June greetings! It is the Northern Solstice on June 20th, and we enjoy noting it as the longest day of the year. Whose heart hasn’t cheered at the thought of darkness at bay, then saddened a bit to know the days already grow shorter? The psychosocial difference between darkness and light is perhaps less for us than any of our forbears, for we live in a conveniently, near-omnipresently well-lighted time and nation. Indeed, in urban living it can be the darkness that is hard to come by and precious, especially if one craves a starry sky. Yet our deepest cultural bones understand that daylight nourishes and protects us and we look forward to its maximum.
June is also the month most preferred for weddings, and this traces back to Juno, the goddess/patron of marriage and newlyweds. It is lucky to marry in “her” month; yet how many June marriers give Juno a passing thought? Darned few, of course, but the connection remains vibrant: those cultural bones again.
June is LGBTQ Pride Month, too. In light of President Obama’s recent support for marriage equality, I’m guessing it will be especially positive. I sharply disagree with people who believe marriage is solely a sacrament between a man and a woman. Still, are these folks listening to their cultural bones? It’s easiest to think that they’re having their prejudices cynically manipulated for someone’s political gain, but who am I to say their bones are not speaking to them? Do the “bones” get it wrong sometimes? Maybe they do. When others voice ideas that seem parochial or even repugnant to me, ought I to feel compassion for their own relation to personal moral imperatives, if those imperatives are manifestly inconsistent with my more liberal human and Unitarian Universalist social principles?

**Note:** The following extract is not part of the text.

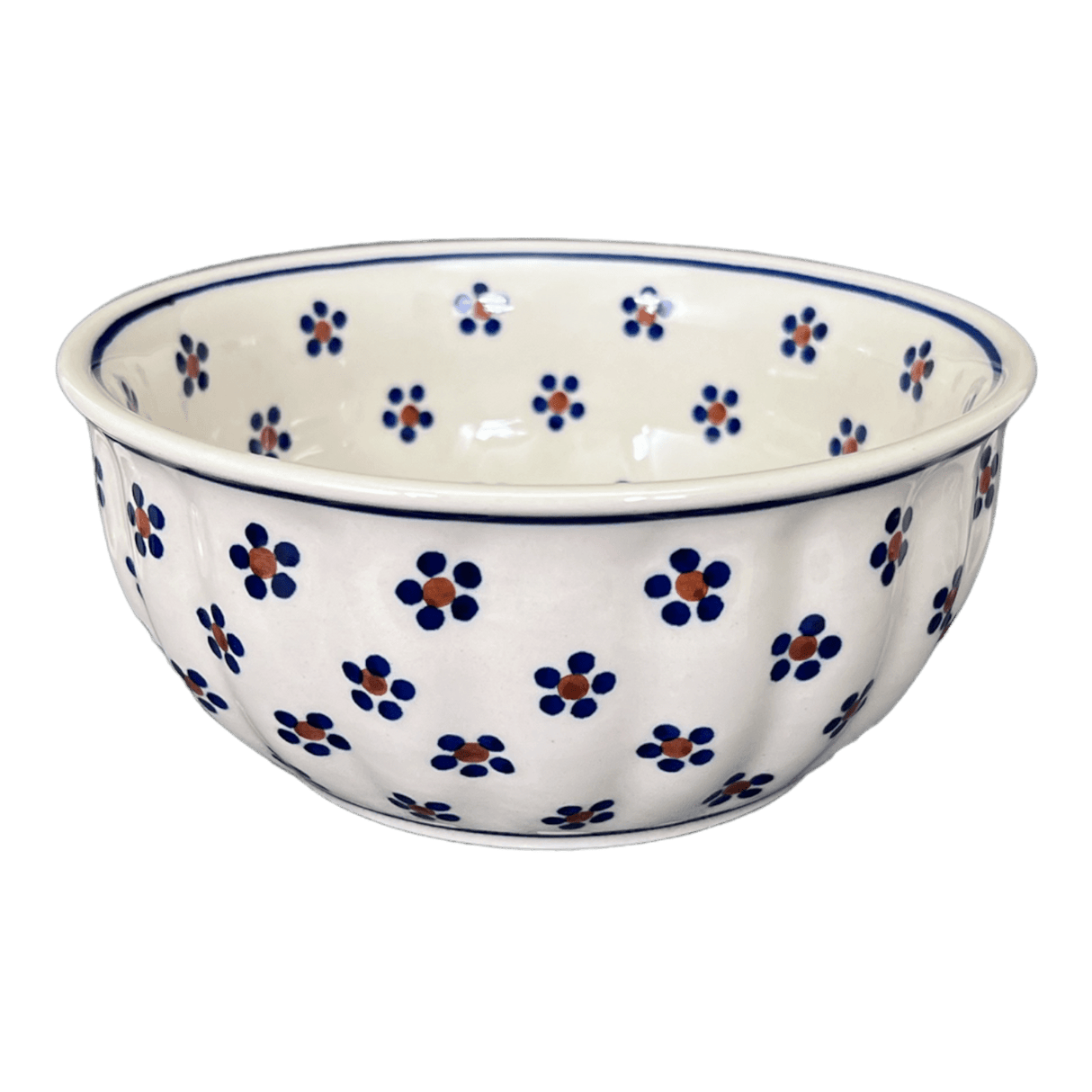 Bowl, Round, 6.5" in "Petite Floral" by Manufaktura | M084T-64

To stir the pot a bit more: Writer and advice columnist Dan Savage penned a 1999 article I read today, saying that it is/was time to move past gay pride, that pride is essentially a misleading and unsupported view of what it “means” to be LGBTQ. Says he, “being gay or lesbian is not–repeat, not–an accomplishment, and it’s nothing anyone really has a right to take pride in. What matters is how a person is gay, not that a person is gay[….] All gays and lesbians do not agree with each other, do not like each other, and do not look out for each other…. Gay isn’t good–and it isn’t bad. Gay just is.” Savage’s notion would apply to other largely immutable traits like skin color or gender, too. Is there still a place for “pride?” What do YOU think?